Help with File Slow Processing

srattani · June 27, 2011, 5:30pm

Hello,

Hope you are doing fine. Let me describe the problem, I have a script that calls another script K2Test.sh, this script K2Test.sh (created by another team) takes date as argument and generates approx 1365 files in localcurves directory for given date.

Out of these 1365 I am only interested in 133 files, so I have created a list of file names (ZEROCURVEFILES as below) that we need to process.

I loop through these 1365 files (`ls $localcurves` as below) and check if file name is in 133 file list (ZEROCURVEFILES ) and if it is then I process the file by reading it line by line.

It seems it takes too long just to process 133 files, am I using some in-efficient code below? is there a way to process it faster? is it slow because I open and read 133 files line by line?

I need to run this script for 400 days which means I would be looping 400 * 1365 times i.e once per day and and for each day process 133 file.

I would really appreciate any help to help make it faster. Here is the code, I know it is too much code, please let me know if something in script.

#!/bin/sh
#e.g. 20110627 (june 27 2011)
currdate=$1
#e.g. 20100310 (march 10 2010)
enddate=$2

#directory where 1365 files get generated
localcurves="/home/sratta/feds/localCurves/curves"
outputdir="/home/sratta/curves"
#output fileto be generated
OUTFILE="/home/sratta/ZeroCurves/BulkLoad.csv"
touch $OUTFILE

# List of 133 curve file names
ZEROCURVEFILES="saud1-monthlinmid \
saud6-monthlinmid \
.....
suvruvr_usdlinmid \
szarzar_usdlinmid "

#Loop until currdate is not equal to enddate (reverse loop)
while [ $currdate -ne $enddate ]
do

  #Call K2test.sh which generates 1365 files for a given date in $localcurves directory
 ./K2test.sh $currdate
 filesfound=0

#Loop through the 1365 files generated by K2test.sh in $localcurves directory
 for FILE in `ls $localcurves`
 do
  filesfound=1
  #Check if the filename is one of the 133 files we want?  If it is only then process otherwise ignore
  zerocurvefile=`echo cat $ZEROCURVEFILES|grep $FILE`

  # If file is in the list then process it
   if [ "$zerocurvefile" != "" ]
   then
    echo "Processing $LOWERCASEFILE.$currdate file"
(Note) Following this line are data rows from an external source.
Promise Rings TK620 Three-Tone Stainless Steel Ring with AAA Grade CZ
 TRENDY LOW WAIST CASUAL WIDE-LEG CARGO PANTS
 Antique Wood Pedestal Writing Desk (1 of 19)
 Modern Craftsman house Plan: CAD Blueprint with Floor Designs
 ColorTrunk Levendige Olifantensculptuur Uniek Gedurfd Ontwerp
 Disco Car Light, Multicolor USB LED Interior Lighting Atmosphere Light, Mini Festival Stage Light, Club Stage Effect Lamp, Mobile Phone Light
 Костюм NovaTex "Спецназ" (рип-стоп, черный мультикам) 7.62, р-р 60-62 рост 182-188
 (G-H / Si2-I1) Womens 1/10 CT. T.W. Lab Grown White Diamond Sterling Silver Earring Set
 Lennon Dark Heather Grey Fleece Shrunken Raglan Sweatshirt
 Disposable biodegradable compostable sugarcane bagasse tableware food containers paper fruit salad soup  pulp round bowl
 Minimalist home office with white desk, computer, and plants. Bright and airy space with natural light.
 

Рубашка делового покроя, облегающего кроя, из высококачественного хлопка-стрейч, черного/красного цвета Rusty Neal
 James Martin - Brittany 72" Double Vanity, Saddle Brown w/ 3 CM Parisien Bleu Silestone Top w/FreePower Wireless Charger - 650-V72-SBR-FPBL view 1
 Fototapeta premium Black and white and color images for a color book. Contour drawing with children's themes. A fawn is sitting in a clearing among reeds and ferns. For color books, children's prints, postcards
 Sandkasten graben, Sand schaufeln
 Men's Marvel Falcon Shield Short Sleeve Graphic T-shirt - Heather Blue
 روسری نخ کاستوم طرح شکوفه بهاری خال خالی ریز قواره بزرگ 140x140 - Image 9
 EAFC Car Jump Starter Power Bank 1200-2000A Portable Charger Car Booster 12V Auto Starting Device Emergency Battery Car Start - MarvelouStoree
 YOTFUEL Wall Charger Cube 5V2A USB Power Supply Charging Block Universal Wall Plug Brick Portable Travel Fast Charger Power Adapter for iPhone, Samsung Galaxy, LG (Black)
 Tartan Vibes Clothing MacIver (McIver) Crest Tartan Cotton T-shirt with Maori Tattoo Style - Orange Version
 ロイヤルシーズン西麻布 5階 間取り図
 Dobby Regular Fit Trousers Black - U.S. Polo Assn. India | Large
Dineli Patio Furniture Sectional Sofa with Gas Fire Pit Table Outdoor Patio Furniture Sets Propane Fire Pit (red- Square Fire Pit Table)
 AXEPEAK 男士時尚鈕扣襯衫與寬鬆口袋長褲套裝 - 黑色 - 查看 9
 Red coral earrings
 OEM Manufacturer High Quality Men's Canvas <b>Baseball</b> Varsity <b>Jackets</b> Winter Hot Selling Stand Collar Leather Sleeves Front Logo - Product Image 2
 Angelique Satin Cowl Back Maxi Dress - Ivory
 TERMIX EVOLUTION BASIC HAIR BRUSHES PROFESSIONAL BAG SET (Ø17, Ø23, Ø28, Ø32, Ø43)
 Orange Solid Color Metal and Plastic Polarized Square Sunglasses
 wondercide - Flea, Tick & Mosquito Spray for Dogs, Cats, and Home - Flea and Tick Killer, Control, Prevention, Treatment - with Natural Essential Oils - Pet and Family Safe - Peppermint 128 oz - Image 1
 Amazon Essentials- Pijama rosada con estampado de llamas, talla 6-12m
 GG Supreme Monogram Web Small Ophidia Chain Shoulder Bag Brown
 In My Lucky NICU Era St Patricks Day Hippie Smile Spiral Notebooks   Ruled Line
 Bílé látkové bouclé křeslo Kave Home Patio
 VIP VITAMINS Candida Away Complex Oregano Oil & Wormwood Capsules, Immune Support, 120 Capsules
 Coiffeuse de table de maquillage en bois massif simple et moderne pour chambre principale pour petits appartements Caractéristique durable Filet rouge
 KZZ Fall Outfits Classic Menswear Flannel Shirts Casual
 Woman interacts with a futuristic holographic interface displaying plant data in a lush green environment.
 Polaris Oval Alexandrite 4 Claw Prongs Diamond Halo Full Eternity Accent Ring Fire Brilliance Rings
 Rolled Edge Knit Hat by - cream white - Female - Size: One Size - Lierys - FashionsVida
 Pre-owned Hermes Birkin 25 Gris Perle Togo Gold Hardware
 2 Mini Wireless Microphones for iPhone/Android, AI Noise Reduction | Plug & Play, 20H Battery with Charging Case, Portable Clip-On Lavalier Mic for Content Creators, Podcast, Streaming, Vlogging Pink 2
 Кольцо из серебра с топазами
  #THIS PROCESSING IS SLOW LINE BY LINE
   exec 3<&0
  #Open the file
   exec 0<"$localcurves/$FILE"
   cnt=0
   rowstoprocess=0
  #Read file line by line
   while read line
   do
    cnt=`expr $cnt + 1`
    # First line in file contains number of records to process
    if [ "$cnt" -eq "1" ]
    then
     numheadrecords=`echo $line | awk '{FS=""}{print $1}'`
     rowstoprocess=`expr $numheadrecords + 2`
     echo "Total Number of Rows in header for $LOWERCASEFILE.$currdate is: $numheadrecords"
    fi
    
    if [ "$cnt" -gt "1" ] && [ "$cnt" -lt "$rowstoprocess" ]
    then
     julianmdate=`echo $line | awk '{FS=" "}{print $1}'`
     rate=`echo $line | awk '{FS=" "}{print $2}'`
     mdate=`echo $line | awk '{FS=" "}{print $4}'`
     # extract certain columns and put the data into out file
     echo "$LOWERCASEFILE,$currdate,$julianmdate,$rate,$mdate" >> $OUTFILE
    fi
    
   # If we have processed number of records as in first line then break the loop
    if [ "$cnt" -eq "$rowstoprocess" ]
    then
     break
    fi
   done
   exec 0<&3
  fi
 done
 
#Subtract 1 day from currdate (reverse loop)
 currdate=`./shift_date $currdate -1`
done

methyl · June 28, 2011, 8:25am

What Operating System and version are you running?
What Shell is /bin/sh on your computer?
How many lines are processed from the 133 files? Is it definitely not the whole of each file?
Does the script work?

What are these lines for? Is there a local reason for these complex redirects?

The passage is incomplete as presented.